## THE PROBLEM
Write out the data below in full, unchanged, minus the images.

## SUPPLIED MATERIAL
* * * *

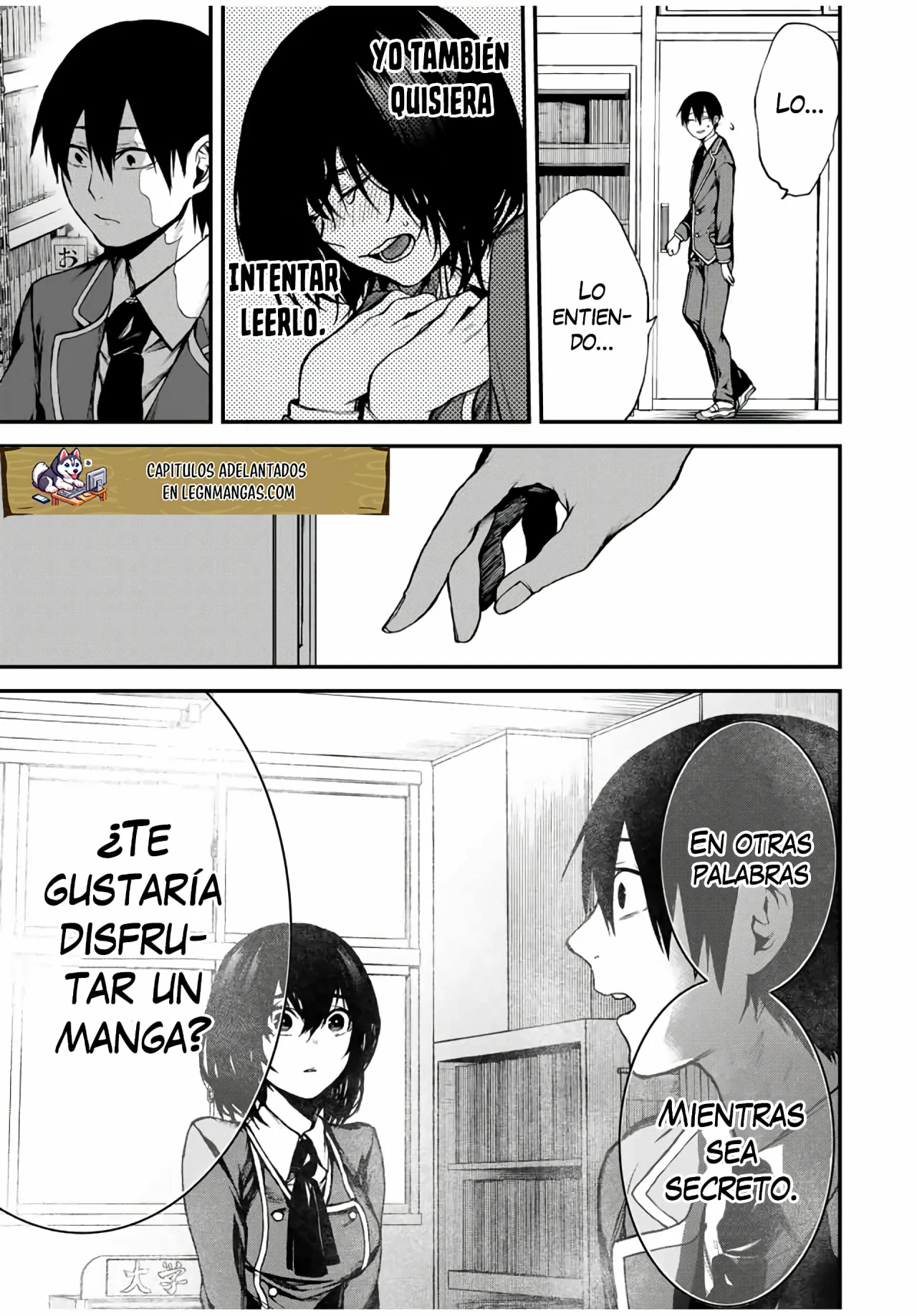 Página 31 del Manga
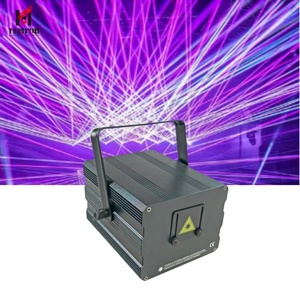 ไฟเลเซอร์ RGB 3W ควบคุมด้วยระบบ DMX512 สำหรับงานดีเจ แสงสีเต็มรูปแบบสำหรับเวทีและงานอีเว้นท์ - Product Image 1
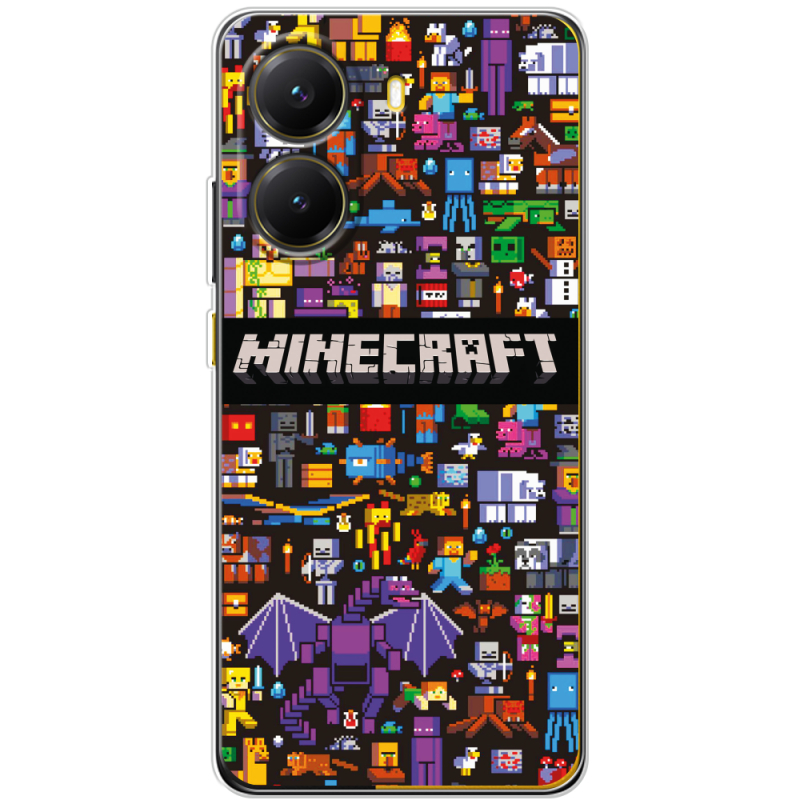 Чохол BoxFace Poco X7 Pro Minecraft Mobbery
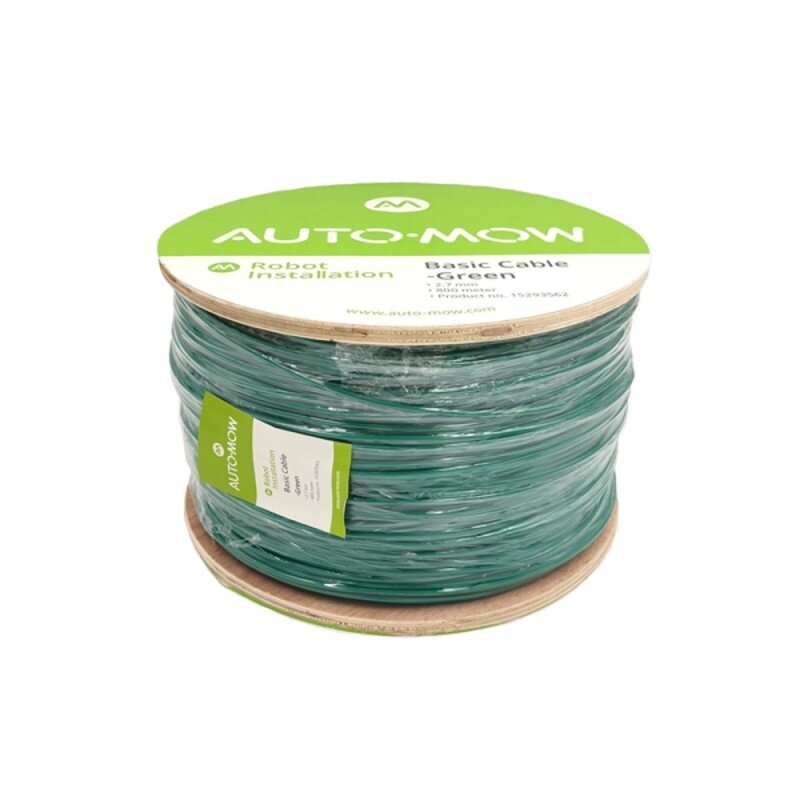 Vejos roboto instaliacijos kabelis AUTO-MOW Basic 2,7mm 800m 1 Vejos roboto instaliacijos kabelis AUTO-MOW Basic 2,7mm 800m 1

* * * *

## COMPLETED EXERCISE
 Página 31 del Manga
 ไฟเลเซอร์ RGB 3W ควบคุมด้วยระบบ DMX512 สำหรับงานดีเจ แสงสีเต็มรูปแบบสำหรับเวทีและงานอีเว้นท์ - Product Image 1
 Чохол BoxFace Poco X7 Pro Minecraft Mobbery
 Vejos roboto instaliacijos kabelis AUTO-MOW Basic 2,7mm 800m 1 Vejos roboto instaliacijos kabelis AUTO-MOW Basic 2,7mm 800m 1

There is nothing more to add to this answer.